National Cyber Security Policy is a policy framework by Department of Electronics and Information Technology (DeitY) It aims at protecting the public and private infrastructure from cyber attacks. The policy also intends to safeguard "information, such as personal information (of web users), financial and banking information and sovereign data". This was particularly relevant in the wake of US National Security Agency (NSA) leaks that suggested the US government agencies are spying on Indian users, who have no legal or technical safeguards against it. Ministry of Communications and Information Technology (India) defines Cyberspace as a complex environment consisting of interactions between people, software services supported by worldwide distribution of information and communication technology.

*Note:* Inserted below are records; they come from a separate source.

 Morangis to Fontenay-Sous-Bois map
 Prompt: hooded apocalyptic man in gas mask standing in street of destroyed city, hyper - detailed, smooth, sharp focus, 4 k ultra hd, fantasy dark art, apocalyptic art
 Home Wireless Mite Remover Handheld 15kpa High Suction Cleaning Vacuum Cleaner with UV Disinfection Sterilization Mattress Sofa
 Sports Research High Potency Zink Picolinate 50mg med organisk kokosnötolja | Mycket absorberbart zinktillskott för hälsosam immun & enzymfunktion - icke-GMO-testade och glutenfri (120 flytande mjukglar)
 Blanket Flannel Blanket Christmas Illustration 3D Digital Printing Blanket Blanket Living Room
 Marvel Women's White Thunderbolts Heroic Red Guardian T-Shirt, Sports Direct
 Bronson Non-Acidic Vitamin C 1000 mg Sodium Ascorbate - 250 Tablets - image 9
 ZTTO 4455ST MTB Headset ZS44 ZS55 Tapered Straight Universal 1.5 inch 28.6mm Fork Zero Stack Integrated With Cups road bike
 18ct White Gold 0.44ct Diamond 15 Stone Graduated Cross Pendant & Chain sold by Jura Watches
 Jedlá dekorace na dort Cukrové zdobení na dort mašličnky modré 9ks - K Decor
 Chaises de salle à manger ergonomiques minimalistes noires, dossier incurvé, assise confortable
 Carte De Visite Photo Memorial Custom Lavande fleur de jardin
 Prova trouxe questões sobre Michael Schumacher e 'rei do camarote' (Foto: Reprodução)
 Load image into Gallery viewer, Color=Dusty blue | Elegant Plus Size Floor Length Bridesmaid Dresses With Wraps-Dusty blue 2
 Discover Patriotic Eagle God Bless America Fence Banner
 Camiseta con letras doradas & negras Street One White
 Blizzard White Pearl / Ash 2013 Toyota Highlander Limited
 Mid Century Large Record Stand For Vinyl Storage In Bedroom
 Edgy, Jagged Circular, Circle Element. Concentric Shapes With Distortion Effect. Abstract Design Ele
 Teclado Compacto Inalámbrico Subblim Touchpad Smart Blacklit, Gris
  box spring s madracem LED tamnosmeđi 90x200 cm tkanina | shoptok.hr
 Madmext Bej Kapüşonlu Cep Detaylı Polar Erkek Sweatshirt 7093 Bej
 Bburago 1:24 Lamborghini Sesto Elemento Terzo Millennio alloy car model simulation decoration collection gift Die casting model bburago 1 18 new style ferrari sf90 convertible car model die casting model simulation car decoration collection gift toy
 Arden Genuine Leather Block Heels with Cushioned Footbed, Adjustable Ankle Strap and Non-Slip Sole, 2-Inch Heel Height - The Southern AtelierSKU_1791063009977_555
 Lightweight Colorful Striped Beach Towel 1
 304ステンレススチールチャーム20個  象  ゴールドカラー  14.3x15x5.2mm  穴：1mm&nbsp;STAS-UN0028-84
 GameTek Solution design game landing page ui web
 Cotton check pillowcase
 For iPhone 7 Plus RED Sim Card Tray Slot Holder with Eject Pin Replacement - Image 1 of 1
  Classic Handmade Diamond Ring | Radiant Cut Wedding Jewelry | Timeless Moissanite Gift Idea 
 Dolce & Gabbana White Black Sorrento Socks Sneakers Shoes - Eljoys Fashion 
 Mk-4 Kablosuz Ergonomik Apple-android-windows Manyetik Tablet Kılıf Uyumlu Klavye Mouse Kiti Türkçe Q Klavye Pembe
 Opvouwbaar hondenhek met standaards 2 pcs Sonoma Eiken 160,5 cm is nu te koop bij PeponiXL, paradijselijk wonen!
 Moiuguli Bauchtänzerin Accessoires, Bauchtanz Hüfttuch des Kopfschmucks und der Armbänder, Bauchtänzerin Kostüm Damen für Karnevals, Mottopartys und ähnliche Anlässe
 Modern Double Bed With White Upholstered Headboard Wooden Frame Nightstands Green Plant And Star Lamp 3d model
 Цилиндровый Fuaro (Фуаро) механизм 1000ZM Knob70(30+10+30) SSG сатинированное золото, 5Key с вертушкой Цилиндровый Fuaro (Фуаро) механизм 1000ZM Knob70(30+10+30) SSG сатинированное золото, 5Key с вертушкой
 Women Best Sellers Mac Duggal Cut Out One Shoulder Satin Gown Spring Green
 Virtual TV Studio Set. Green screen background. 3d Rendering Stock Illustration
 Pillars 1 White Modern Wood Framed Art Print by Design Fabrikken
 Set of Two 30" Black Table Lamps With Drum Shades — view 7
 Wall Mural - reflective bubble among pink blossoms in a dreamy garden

==Reason for Cyber Security policies==
India had no Cyber security policy before 2013. In 2013, The Hindu newspaper, citing documents leaked by NSA whistle-blower Edward Snowden, has alleged that much of the NSA surveillance was focused on India's domestic politics and its strategic and commercial interests. This sparked a furore among people. Under pressure, the government unveiled a National Cyber Security Policy 2013 on 2 July 2013.

== Vision ==
To build a secure and resilient cyberspace for citizens, business, and government and also to protect anyone from intervening in user's privacy.It mentioned a five year target of training five lakh cyber security personnel by 2018.

== Mission ==

To protect information and information infrastructure in cyberspace, build capabilities to prevent and respond to cyber threat, reduce vulnerabilities and minimize damage from cyber incidents through a combination of institutional structures, people, processes, technology, and cooperation.

== Objective ==

Ministry of Communications and Information Technology (India) define objectives as follows:

- To create a secure cyber ecosystem in the country, generate adequate trust and confidence in IT system and transactions in cyberspace and thereby enhance adoption of IT in all sectors of the economy.
- To create an assurance framework for the design of security policies and promotion and enabling actions for compliance to global security standards and best practices by way of conformity assessment (Product, process, technology & people).
- To strengthen the Regulatory Framework for ensuring a SECURE CYBERSPACE ECOSYSTEM.
- To enhance and create National and Sectoral level 24x7 mechanism for obtaining strategic information regarding threats to ICT infrastructure, creating scenarios for response, resolution and crisis management through effective predictive, preventive, protective response and recovery actions.
-To improve visibility of integrity of ICT products and services by establishing infrastructure for testing & validation of security of such product.
- To create workforce for 500,000 professionals skilled in next 5 years through capacity building skill development and training.
- To provide fiscal benefit to businesses for adoption of standard security practices and processes.
- To enable Protection of information while in process, handling, storage & transit so as to safeguard privacy of citizen's data and reducing economic losses due to cyber crime or data theft.
- To enable effective prevention, investigation and prosecution of cybercrime and enhancement of law enforcement capabilities through appropriate legislative intervention.

== Strategies ==
- Creating a secured Ecosystem.
- Creating an assurance framework.
- Encouraging Open Standards.
- Strengthening The regulatory Framework.
- Creating a mechanism for Security Threats Early Warning, Vulnerability management, and response to security threats.
- Securing E-Governance services.
- Protection and resilience of Critical Information Infrastructure.
- Promotion of Research and Development in cyber security.
- Reducing supply chain risks
- Human Resource Development (fostering education and training programs both in formal and informal sectors to Support the Nation's cyber security needs and build capacity.
- Creating cyber security awareness.
- Developing effective Public-Private partnerships.
- To develop bilateral and multilateral relationships in the area of cyber security with another country. (Information sharing and cooperation)
- a Prioritized approach for implementation.